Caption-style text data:

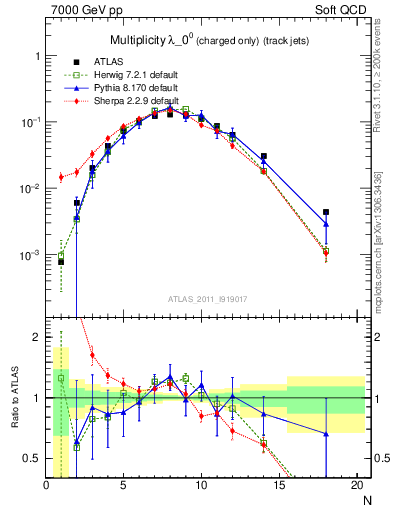 Plot of j.nch in 7000 GeV pp collisions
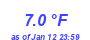 Milwaukee Weather Temperature Low Month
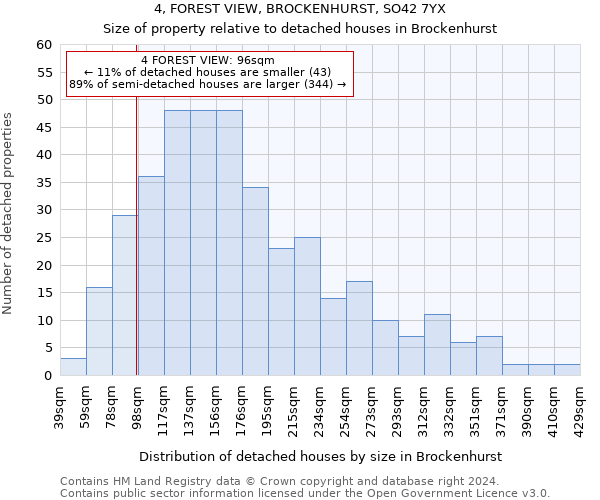 4, FOREST VIEW, BROCKENHURST, SO42 7YX: Size of property relative to detached houses in Brockenhurst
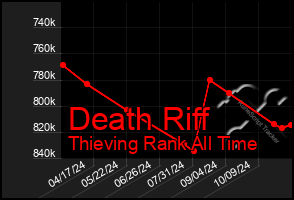 Total Graph of Death Riff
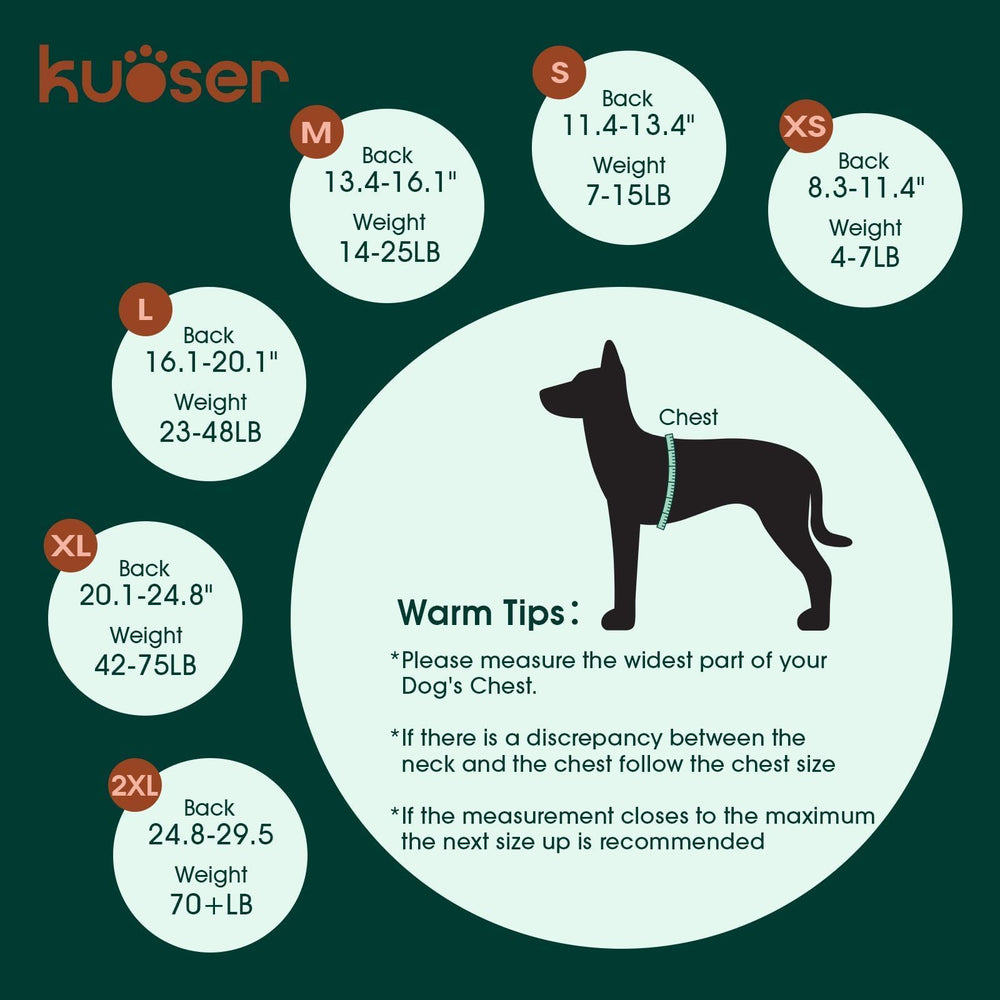 Kuoser recubrimiento enrollable, diseño para higiene fácil sin limitar movilidad.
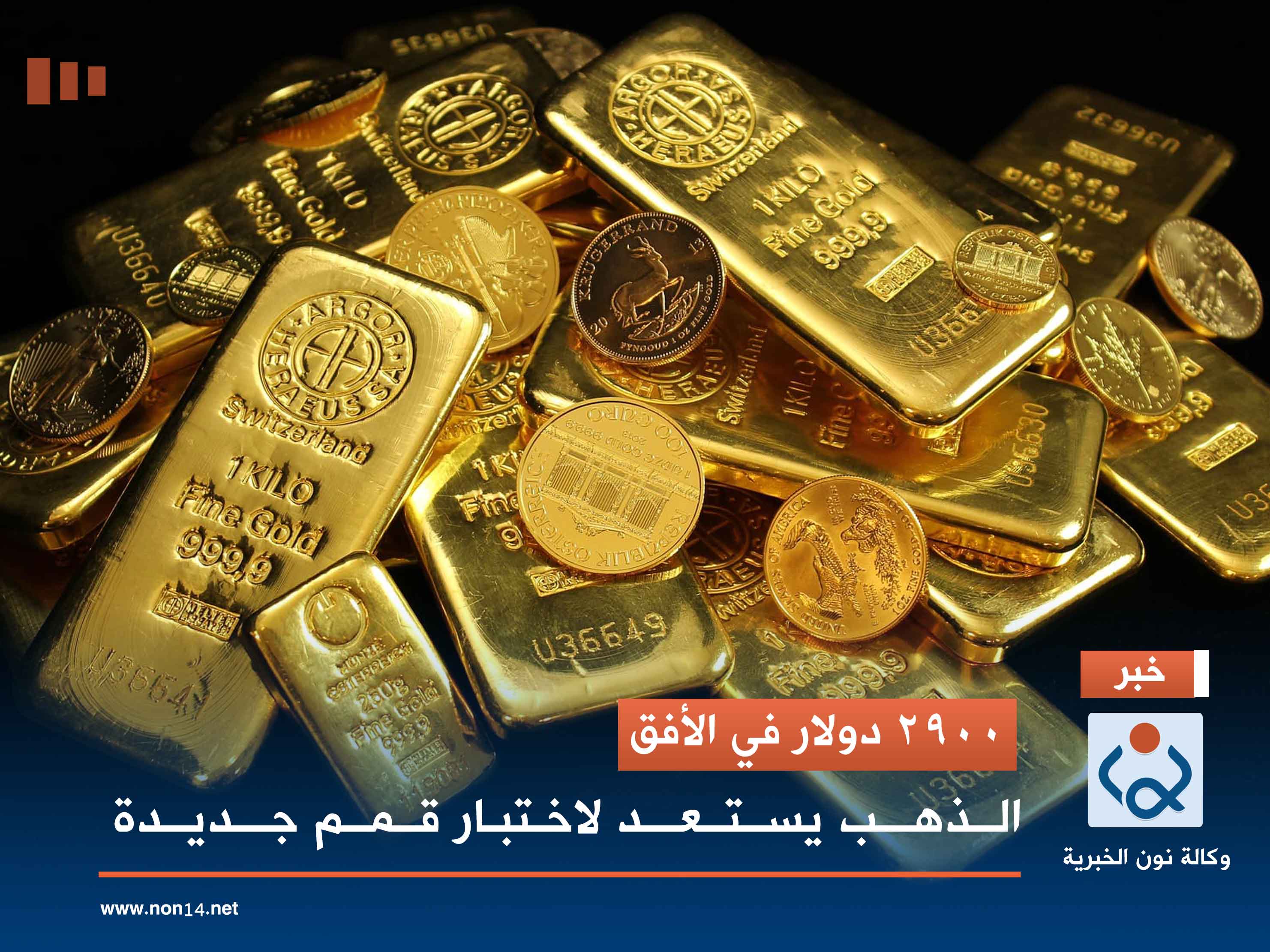 2900 دولار في الأفق.. الذهب يستعد لاختبار قمم جديدة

▶ What is expected: What is needed is an exact repeat of every entry above, with the pictures left out.

▶ Solution to this exercise:
 Plot of j.nch in 7000 GeV pp collisions
 Milwaukee Weather Temperature Low Month
 4, FOREST VIEW, BROCKENHURST, SO42 7YX: Size of property relative to detached houses in Brockenhurst
 Total Graph of Death Riff
 Kuoser recubrimiento enrollable, diseño para higiene fácil sin limitar movilidad.
 2900 دولار في الأفق.. الذهب يستعد لاختبار قمم جديدة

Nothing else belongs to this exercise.